Chapter 22
Night - Kushal’s Penthouse
The city skyline stretched endlessly outside the massive glass windows of Kushal Nair’s penthouse. But inside, there was only restlessness.
Kushal tossed again, the duvet now crumpled at his waist, his bare chest glistening with a faint sheen of sweat. The AC was on. The temperature was perfect. His body was tired, aching even. But sleep? Nowhere close. His head wasn’t on this bed—it was a few streets away, spinning in circles around one woman.
His wife Arundhati.
It wasn’t even the Dalhousie memories that kept crashing over him tonight, though there were enough of those to make any man lose his sanity. No, this time it was what she had said that morning… in that fiery, unguarded moment that had changed everything.
“I already have everything. I just don’t intend to lose it again.”
She had looked Kamya in the eye when she’d said it. The kind of declaration that didn’t need context to hit where it hurt. And it hit him hard in the center of his chest.
She had meant him. She didn’t want to lose him.
That sentence had wrapped around his mind like a noose ever since. He smiled at the thought. Hell, he grinned like an idiot, sprawled across Egyptian cotton sheets like some teenager with a crush.
When he had heard her say that, a part of him wanted to reach her, scoop her face in between his palms and kiss her senseless right then. Right there. But she’d ruined it—like always. She’d turned away, shut him out with that perfect, infuriating voice, stating “Don’t read too much into it, I just wanted the upper hand this time.”
Upper hand, my a*s.
He grabbed a pillow and threw it across the bed, sighing into the silence. It was twelve minutes to midnight. He had court at 9:30. Testimonies to prep. Clients to brief. Witness cross-examinations to run through. None of it mattered. Not tonight.

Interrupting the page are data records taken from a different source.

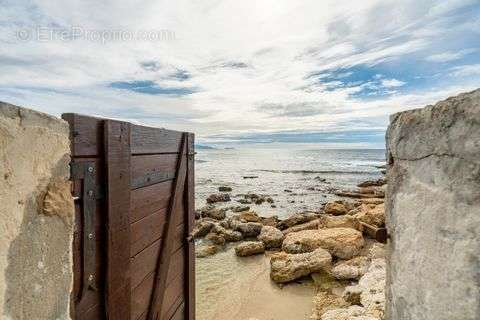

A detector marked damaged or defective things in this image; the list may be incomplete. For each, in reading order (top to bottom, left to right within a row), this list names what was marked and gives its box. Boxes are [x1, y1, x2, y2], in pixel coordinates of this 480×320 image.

rusty hinge [70, 162, 101, 300]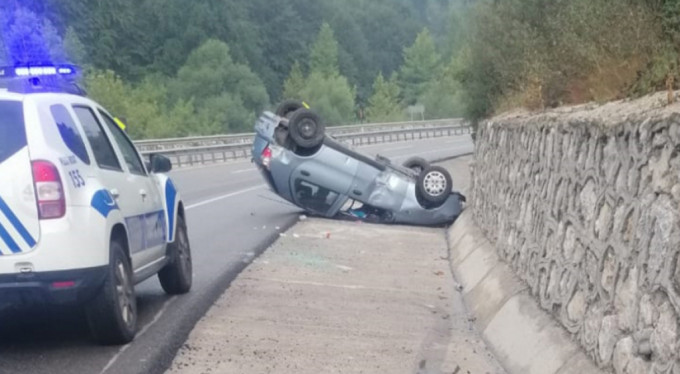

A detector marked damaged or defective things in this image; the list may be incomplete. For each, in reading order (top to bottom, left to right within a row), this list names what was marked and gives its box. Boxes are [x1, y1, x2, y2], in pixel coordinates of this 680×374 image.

overturned car [252, 101, 464, 226]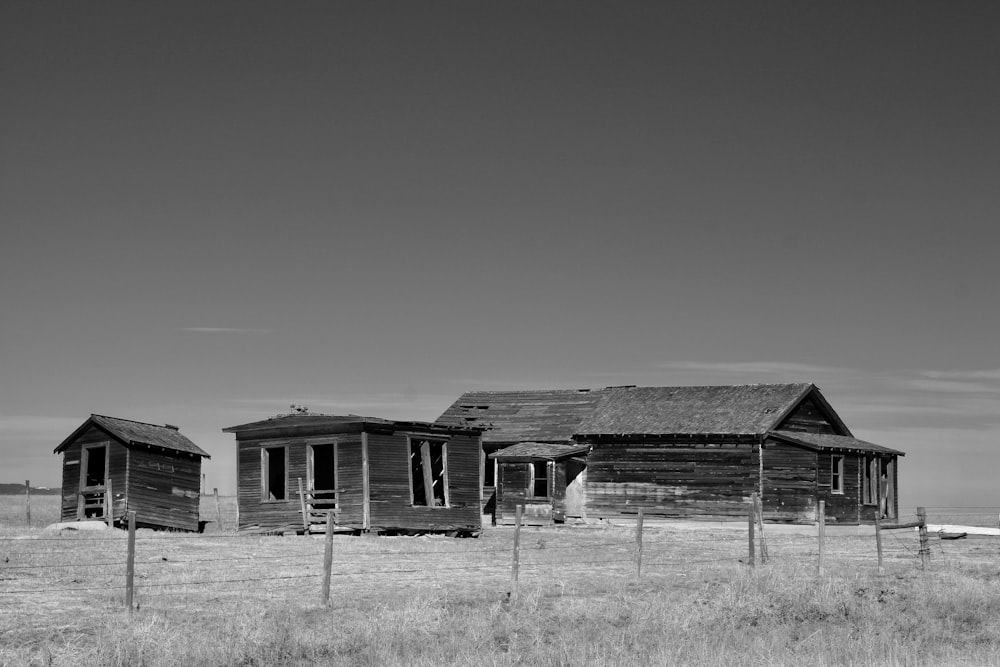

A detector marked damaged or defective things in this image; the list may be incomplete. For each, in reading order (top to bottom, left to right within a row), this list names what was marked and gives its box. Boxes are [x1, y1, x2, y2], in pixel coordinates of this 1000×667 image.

broken window [262, 448, 286, 500]
broken window [410, 438, 450, 506]
broken window [524, 462, 548, 498]
broken window [828, 456, 844, 494]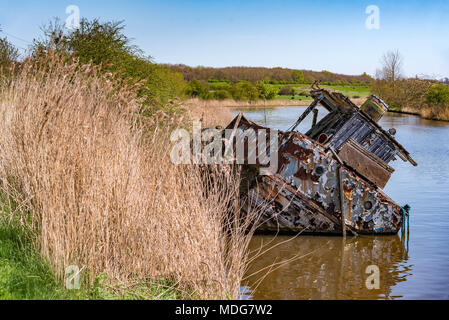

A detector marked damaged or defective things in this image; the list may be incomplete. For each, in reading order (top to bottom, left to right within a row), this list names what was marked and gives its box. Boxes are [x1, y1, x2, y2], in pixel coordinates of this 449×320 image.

rusty metal hull [234, 116, 402, 234]
wrecked boat cabin [226, 89, 418, 235]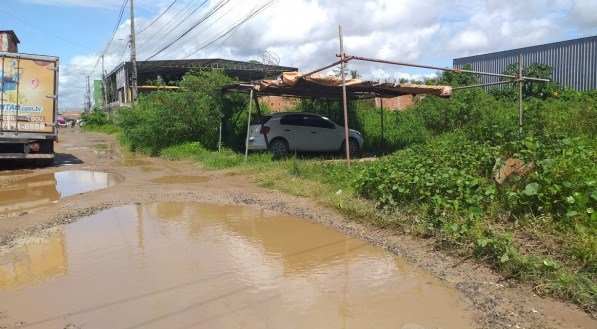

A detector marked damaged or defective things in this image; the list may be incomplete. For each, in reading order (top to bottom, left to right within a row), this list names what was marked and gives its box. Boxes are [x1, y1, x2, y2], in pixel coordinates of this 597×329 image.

pothole filled with water [0, 169, 123, 218]
pothole filled with water [0, 201, 472, 326]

Because he was too busy thinking, he had ten more hours until he could see her again at the office. Ten hours felt like ten goddamn years.
He dragged his hand across his face, the stubble scratching against his palm. “This is madness,” he muttered, kicking the duvet off completely. “I’m losing it.”
But the truth was, he already had. In their three-day at Dalhousie, the way she’d curled into his chest at night, he’d become completely, stupidly addicted to her again.